We often use the word none in writing to indicate the absence or lack of something, but is it a singular or plural pronoun?
It’s not always easy to decide, so it’s a common question.
The correct answer is that none can be both singular and plural.
However, it depends on the context in which you use it.
When is none singular or plural?
With countable nouns, none is a grammar point that is always open to interpretation.
If we use none to mean not one or no one, it is a singular pronoun and takes a singular verb.
For example, none of his solutions is practical.
In this sentence, none means not one of his solutions is practical.
So, in this case, it requires a singular verb because it’s a singular pronoun.
On the other hand, when none means not any of, it becomes a plural pronoun and takes a plural verb.
For example, none of his solutions are practical.
In this sentence, none means not any of his solutions are practical.
Therefore, it is a plural pronoun with a plural verb.
In most cases, your decision about pronoun and verb agreement will depend on whether none means not one, no one, or not any.
None with uncountable nouns
Luckily, you almost always use a singular verb when you use none with uncountable nouns.
In this case, it’s because none always means not any or not any of.
We still can’t use the road because none of the snow has melted.
None of the fruit I bought this morning is ripe enough to eat.
The only time it gets a bit tricky is with uncountable collective nouns that can be divided into parts.
These include nouns like team, class, family, and staff.
Then none can mean not any or not one.
After the layoffs, none of the catering staff is left.
After the layoffs, none of the catering staff are left.
However, in general, singular verb use is probably more common.
When is none always plural?
You use a plural verb whenever you refer to a previous number of people or items.
Logically, these will be countable nouns.
Five people applied for the CEO position, but none were suitably qualified.
I bought three shirts on special for my son, and none are his size.
This is possibly the only instance where your choice of verb is easy.
Using synesis gives you a choice
According to Merriam-Webster, synesis is a grammatical construction in which agreement or reference is according to sense rather than strict syntax.
In other words, you can choose to use a singular or plural verb by meaning and not by strict grammatical form.
None of the bananas is ripe.
None of the bananas are ripe.
None of them is up to the task.
None of them are up to the task.
All four sentences above are grammatically correct.
But using a plural verb may read more naturally, so it’s perhaps the better choice.
Apart from being a pronoun, none can also be an adverb.
We often use it to modify comparative adjectives, such as worse or better, to say that something is not any worse or better than before.
We lost our dog, but he arrived back home after a couple of days, none the worse for wear.
As for authors, for me, there was none better than Douglas Adams.
There are also many fixed expressions and phrases that we often use.
We had a surprise guest for dinner.

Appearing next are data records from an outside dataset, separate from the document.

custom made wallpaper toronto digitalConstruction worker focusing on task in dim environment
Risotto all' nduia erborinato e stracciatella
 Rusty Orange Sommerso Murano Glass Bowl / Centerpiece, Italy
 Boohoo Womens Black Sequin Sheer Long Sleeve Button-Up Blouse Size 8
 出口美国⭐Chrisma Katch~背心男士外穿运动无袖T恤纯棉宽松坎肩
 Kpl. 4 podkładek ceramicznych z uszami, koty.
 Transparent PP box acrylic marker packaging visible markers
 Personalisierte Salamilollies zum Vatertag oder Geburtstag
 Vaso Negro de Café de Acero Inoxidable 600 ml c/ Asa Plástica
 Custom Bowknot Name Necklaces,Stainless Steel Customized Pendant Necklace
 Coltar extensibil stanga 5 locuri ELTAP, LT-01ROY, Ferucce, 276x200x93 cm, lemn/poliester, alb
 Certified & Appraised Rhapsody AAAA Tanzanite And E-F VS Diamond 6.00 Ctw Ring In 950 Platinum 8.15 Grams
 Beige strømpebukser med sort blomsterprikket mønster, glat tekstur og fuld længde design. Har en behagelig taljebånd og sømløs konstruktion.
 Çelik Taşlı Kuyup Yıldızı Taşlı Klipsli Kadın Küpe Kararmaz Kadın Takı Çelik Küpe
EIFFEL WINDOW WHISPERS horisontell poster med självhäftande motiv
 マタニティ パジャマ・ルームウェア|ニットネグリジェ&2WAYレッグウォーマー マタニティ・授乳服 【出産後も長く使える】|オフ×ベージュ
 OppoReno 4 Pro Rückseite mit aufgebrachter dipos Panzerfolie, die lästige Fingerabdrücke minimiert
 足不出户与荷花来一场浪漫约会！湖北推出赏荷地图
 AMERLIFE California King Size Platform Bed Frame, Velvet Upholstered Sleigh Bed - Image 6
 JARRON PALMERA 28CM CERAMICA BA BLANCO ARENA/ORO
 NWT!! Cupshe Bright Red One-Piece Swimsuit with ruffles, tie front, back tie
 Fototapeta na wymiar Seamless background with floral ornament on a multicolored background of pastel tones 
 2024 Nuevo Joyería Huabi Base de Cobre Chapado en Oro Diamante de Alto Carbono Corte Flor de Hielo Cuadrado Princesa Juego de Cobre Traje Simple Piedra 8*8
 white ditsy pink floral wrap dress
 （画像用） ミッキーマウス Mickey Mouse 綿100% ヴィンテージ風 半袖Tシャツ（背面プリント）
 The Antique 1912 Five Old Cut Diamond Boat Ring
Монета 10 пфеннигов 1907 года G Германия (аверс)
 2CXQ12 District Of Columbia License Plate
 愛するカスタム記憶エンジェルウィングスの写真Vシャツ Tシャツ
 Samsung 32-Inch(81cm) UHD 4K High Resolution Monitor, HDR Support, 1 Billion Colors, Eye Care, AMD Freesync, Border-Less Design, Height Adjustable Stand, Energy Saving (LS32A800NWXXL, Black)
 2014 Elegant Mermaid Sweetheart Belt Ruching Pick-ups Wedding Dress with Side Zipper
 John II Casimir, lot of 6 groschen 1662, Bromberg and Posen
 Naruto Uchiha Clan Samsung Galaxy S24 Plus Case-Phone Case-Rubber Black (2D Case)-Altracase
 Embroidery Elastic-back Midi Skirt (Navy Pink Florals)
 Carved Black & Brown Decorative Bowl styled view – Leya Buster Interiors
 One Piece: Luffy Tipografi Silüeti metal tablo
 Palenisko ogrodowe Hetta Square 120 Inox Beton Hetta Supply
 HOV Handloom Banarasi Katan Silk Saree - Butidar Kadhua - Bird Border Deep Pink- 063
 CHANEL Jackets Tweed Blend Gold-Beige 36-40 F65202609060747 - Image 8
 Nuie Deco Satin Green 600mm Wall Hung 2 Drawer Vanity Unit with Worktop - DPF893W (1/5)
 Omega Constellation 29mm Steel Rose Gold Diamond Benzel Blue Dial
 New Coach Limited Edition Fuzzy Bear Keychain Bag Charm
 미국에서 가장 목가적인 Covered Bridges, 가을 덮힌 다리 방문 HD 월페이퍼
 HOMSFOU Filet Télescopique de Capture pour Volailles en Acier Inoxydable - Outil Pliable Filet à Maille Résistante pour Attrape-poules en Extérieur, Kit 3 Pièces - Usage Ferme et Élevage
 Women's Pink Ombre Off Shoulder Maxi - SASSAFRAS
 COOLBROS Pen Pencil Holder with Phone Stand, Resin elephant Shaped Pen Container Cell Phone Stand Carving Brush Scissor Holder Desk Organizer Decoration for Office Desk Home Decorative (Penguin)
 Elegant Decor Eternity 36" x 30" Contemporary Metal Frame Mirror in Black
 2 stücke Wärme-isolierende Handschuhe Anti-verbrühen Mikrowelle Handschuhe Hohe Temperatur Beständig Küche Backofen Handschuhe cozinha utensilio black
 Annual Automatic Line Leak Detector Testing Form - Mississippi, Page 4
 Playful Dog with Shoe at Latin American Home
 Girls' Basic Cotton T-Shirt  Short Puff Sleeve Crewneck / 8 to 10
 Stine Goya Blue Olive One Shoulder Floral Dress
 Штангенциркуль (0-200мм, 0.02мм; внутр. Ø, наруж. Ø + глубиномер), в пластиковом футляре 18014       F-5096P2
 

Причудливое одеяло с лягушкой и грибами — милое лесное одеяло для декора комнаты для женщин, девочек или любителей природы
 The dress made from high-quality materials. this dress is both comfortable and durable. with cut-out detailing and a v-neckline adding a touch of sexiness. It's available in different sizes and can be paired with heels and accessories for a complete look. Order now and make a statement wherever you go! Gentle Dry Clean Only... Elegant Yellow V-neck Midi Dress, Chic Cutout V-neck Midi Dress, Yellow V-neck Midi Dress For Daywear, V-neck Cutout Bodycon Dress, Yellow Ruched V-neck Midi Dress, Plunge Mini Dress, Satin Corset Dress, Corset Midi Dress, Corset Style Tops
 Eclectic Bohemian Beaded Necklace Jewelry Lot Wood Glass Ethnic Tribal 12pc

It was none other than our local MP.
I used my brother’s phone to make a couple of calls, but he was none the wiser.
After the robbery, the police arrived none too soon.
My boss asked me a personal question, and I told him it was none of his business.
Whenever I use the word none in writing, I’m always careful.
It’s one of the few grammar points where there is no real right or wrong.
But some readers might have a fixed opinion about what is appropriate.
I suppose I lean toward using a plural verb more often than not.
Not because it is necessarily correct, but because it reads and sounds better.
It always depends on what you mean by none.
If it is not any, then you can’t really go wrong using a plural verb.
But if you mean not one or no one, which are both singular in meaning, then you need to choose more carefully.